The MC-5’s support for my case played an important role during my battle against the narcotics laws, and the band’s central position in its hometown attracted the positive attention and undying support of almost every other band in the community—with the exception, of course, of asshole Ted Nugent, then in his early days as an anti-drug propagandist—so that dozens and scores of bands were enlisted to play benefits for my legal defense between 1967 and 1972.

This effort culminated in the John Sinclair Freedom Rally of December 10, 1971, where John Lennon & Yoko Ono, Stevie Wonder, Bobby Seale, Phil Ochs, Allen Ginsberg, Ed Sanders, Archie Shepp & Roswell Rudd, CJQ, Bob Seger, the Up, Commander Cody and a host of others gathered with 15,000 supporters at Ann Arbor’s Crisler Arena to call for my release from prison. FREE JOHN NOW! was the battlecry, and it generated a whole new dimension of support for my case among the populace and, as it turned out, among the law enforcement community itself.

The Freedom Rally was scheduled for December 10 because, the previous year, the state legislature broke for the Christmas recess without voting on a bill that would have seriously altered the marijuana laws, removing marijuana from the narcotics laws and creating a special category called “controlled substances” to cover the weed.

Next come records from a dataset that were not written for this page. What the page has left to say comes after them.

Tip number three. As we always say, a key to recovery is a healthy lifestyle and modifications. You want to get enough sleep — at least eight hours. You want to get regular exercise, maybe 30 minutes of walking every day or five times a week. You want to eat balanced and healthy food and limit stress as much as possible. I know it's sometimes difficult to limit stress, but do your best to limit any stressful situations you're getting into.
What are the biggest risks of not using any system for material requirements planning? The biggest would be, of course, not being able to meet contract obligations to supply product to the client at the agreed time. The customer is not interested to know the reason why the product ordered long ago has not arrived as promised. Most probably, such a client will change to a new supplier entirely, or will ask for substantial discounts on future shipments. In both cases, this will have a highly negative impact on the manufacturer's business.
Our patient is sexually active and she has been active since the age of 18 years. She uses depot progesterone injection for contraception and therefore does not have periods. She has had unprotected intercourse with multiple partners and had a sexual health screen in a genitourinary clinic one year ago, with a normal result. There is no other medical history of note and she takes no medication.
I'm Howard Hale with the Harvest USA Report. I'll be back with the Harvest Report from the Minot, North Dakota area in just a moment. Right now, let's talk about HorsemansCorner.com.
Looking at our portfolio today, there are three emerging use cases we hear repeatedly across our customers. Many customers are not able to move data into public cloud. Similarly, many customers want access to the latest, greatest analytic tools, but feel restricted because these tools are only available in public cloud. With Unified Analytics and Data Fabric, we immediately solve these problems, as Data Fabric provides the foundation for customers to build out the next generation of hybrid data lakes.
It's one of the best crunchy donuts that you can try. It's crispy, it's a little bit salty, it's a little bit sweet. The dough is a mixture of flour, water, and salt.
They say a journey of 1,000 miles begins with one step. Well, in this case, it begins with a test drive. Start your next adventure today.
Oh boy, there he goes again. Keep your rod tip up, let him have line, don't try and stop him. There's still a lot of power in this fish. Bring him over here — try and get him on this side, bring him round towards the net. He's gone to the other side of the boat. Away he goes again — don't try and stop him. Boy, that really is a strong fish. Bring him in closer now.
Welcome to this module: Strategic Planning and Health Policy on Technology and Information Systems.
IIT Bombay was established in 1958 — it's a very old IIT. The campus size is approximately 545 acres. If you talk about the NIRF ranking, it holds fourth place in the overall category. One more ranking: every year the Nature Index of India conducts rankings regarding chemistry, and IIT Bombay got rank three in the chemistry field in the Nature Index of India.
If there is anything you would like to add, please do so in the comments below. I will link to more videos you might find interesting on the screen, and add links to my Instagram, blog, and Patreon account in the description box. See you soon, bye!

When the legislature passed on dealing with this question, they virtually sentenced me to an additional year in prison since I was sure that, if the new law ere to be passed, my incarceration would be at an end.

Thus it was my singular concern that we exert enough pressure on the state law-makers to force them to a vote on this bill in 1971, and our strategy was to push them and push them until it was done. The Freedom Rally was organized as a means to force them to deal with this proposed legislation before the year ended, and the Freedom Rally was planned for December 10th to accomplish this goal.

I wanted to make the biggest possible splash, and accordingly our pal at the University of Michigan, Peter Andrews, who was my business partner in the Trans-Love Energies non-profit corporation through which we did our work in the music business, and who was employed by the U of M to teach them how to produce and profit from large rock concerts, managed to rent for us the 15,000-seat Crisler basketball arena as the venue for the Freedom Rally.

Of course our efforts were doomed to failure unless we could secure enough big acts to fill the arena, and everything appeared lost until Jerry Rubin let us know that he had talked the Lennons into being part of the show. That insured our success, and then other big names invited themselves onto the bill, like Stevie Wonder and Bob Seger, and everything was groovy. We had created a major attraction, and our reward was that the Michigan Supreme Court voted to release me on appeal bond three days later, and I was sent home from prison on Monday, December 13th. On March 12, 1972, the same court voted to remove marijuana from the narcotics law and create a new category to cover the medicine of our choice, from now on to be known as a “controlled substance.”.

That’s what we’ve celebrating at the Ralston Holistic Health Center this month, and we’d be seriously remiss if we let this historic moment pass without singling it out somehow and blowing our horn in triumph 50 years after this miraculous accomplishment. Thanks, everybody, and may we never cease our efforts to FREE THE WEED!